Well - basically it's not completely discrete as I still used Op-Amp IC's and integrated Power-Bridges. But still - I did the modelling of the overall control-architecture on my own.
It is a single-supply 24V BTL amplifier with differential feedback.
Here a short overview of the measurement results:
Amplifier Gain: 33.5 (26.84 Vpp out @ 800 mVpp in; 4 Ohms load)
Maximum unclipped power: 53.14 Watts @ 4 Ohms (14.58 Vrms)
Differential DC Offset: 52mV (without load), 77mV (with 4 Ohms load)
Total Harmonic Distortion (THD) @ 1 kHz
6.85% @ 1 Watt (4 Ohms load, 2.82 Vrms)
3.16% @ 10 Watts (4 Ohms load, 6.32 Vrms)
2.86% @ 25 Watts (4 Ohms load, 10.01 Vrms)
I shared all the schematics, gerber files, simulation files, measurement results on my github repository:
GitHub - YetAnotherElectronicsChannel/Discrete-PWM-Class-D
If you are interested more in detail, I did a YouTube video about this amp where I explain all the details of the design-flow YouTube
Any feedback for improvements are welcome!
Thanks,
Markus
I was working the last couple of a weeks on a discrete PWM Class-D amplifier.
Well - basically it's not completely discrete as I still used Op-Amp IC's and integrated Power-Bridges. But still - I did the modelling of the overall control-architecture on my own.
It is a single-supply 24V BTL amplifier with differential feedback.
Here a short overview of the measurement results:
Amplifier Gain: 33.5 (26.84 Vpp out @ 800 mVpp in; 4 Ohms load)
Maximum unclipped power: 53.14 Watts @ 4 Ohms (14.58 Vrms)
Differential DC Offset: 52mV (without load), 77mV (with 4 Ohms load)
Total Harmonic Distortion (THD) @ 1 kHz
6.85% @ 1 Watt (4 Ohms load, 2.82 Vrms)
3.16% @ 10 Watts (4 Ohms load, 6.32 Vrms)
2.86% @ 25 Watts (4 Ohms load, 10.01 Vrms)
I shared all the schematics, gerber files, simulation files, measurement results on my github repository:
GitHub - YetAnotherElectronicsChannel/Discrete-PWM-Class-D
If you are interested more in detail, I did a YouTube video about this amp where I explain all the details of the design-flow YouTube
Any feedback for improvements are welcome!
Thanks,
Markus
Yes I know - I was also a little bit disappointed about that.
However - with a real speaker connected - I cannot figure out any hearable distortion even at low music levels. I compared it with my harman/kardon HK3480 receiver and personally I would not figure out which amp is who in a blind test I guess.
The only thing is that my amp is producing a little bit of noise you can hear out of the tweeter if you go with your ears up to 10cm near it.
You can also check out the speaker test in the video: YouTube
But I would really like to know how I could improve this design. Therefore I'm here
However - with a real speaker connected - I cannot figure out any hearable distortion even at low music levels. I compared it with my harman/kardon HK3480 receiver and personally I would not figure out which amp is who in a blind test I guess.

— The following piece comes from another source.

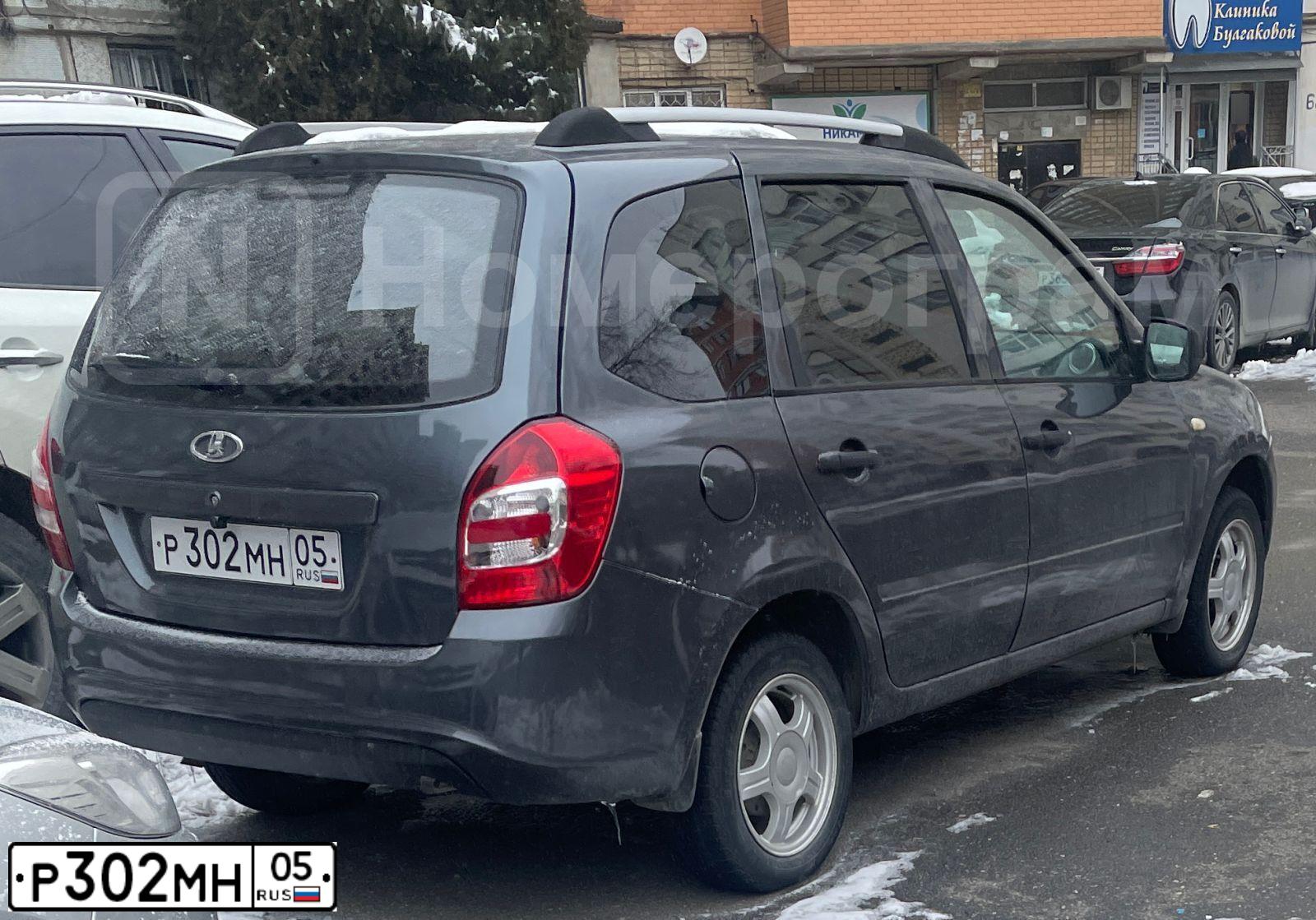 Фото автомобиля LADA 2194 KALINA, 2014 — госномер Р302МН05. Цвет: серебристо-темно-серый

The only thing is that my amp is producing a little bit of noise you can hear out of the tweeter if you go with your ears up to 10cm near it.

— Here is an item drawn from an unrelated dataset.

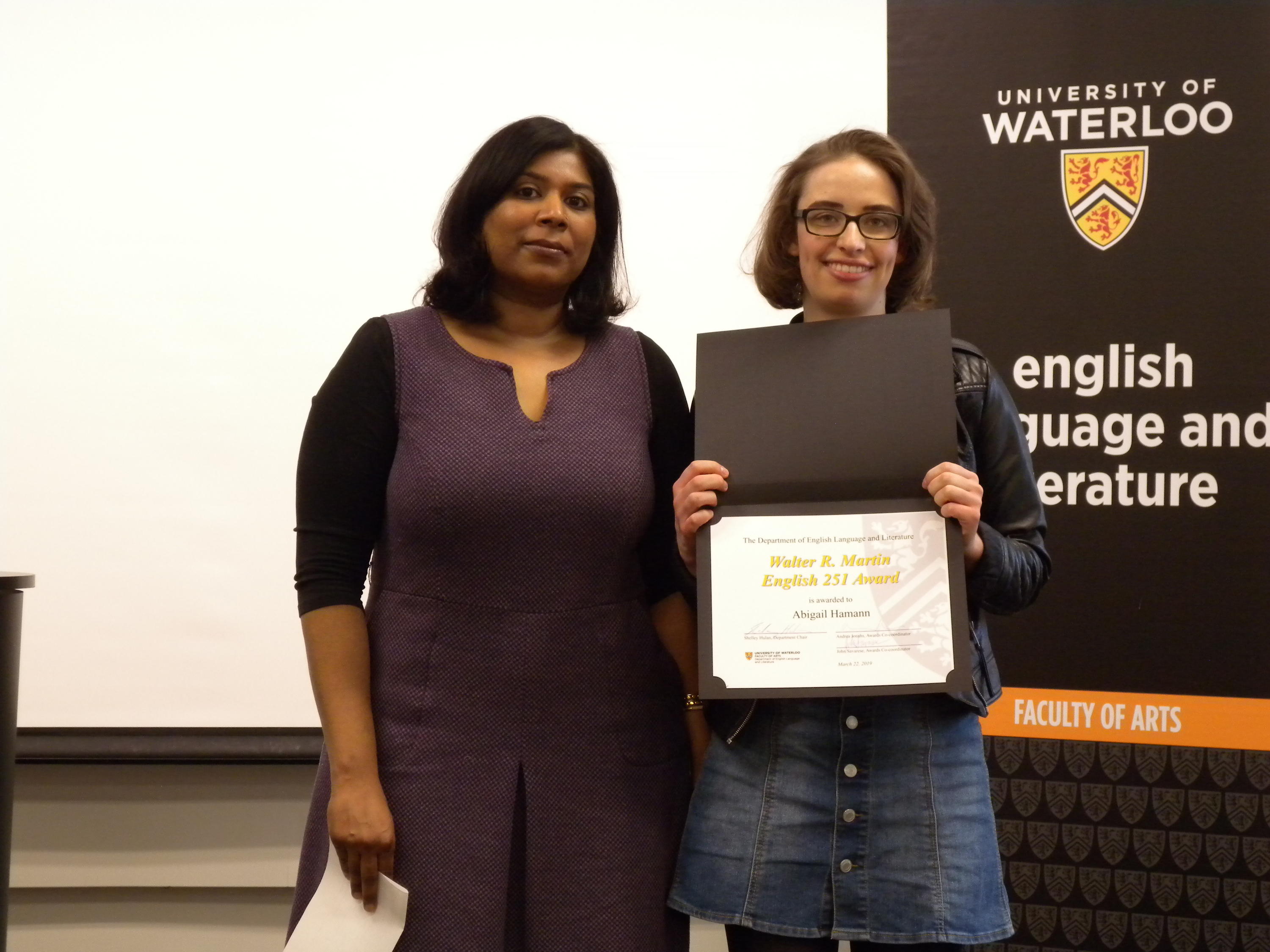 Abigail Hamann receives the Walter R. Martin English 251 Award from Andrea Jonahs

You can also check out the speaker test in the video: YouTube
But I would really like to know how I could improve this design. Therefore I'm here
Cute. Unfortunately it would appear that the LTC6992 is going to be the main limitation on your achievable distortion figures. The datasheet...
https://www.analog.com/media/en/tec...ata-sheets/LTC6992-1-6992-2-6992-3-6992-4.pdf
Indicates that it has an internal error loop involved in generation of the PWM signal and the settling time of 8*Fmaster suggests the bandwidth of that loop is basically 1/8th of the base frequency. In your 500KHz case that would be 62.5KHz.
The above figure is not unreasonable. Pre-filter feedback involves converting the bridge switching node voltages to a triangle wave with a differential integrator prior to comparison with the reference triangle wave in the PWM modulator. The amplitude of that triangle wave at 50% duty cycle is constrained by slope matching requirements to be half of the amplitude of the reference triangle wave. If you run through the sums then that sets the ultimate loop crossover frequency at Fs/2PI where Fs is your switching frequency. Fs/6.28 is kind of close to Fs/8 give or take manufacturing variances.
However because you are forced to close your loop around the internal loop of the LTC6992 you have to do so with a loop bandwidth below 62.5KHz. How far below that is one question but as a basic design strategy it would be reasonable to proceed on the basis of slope matching using the 1V control range of the MOD input as your starting point.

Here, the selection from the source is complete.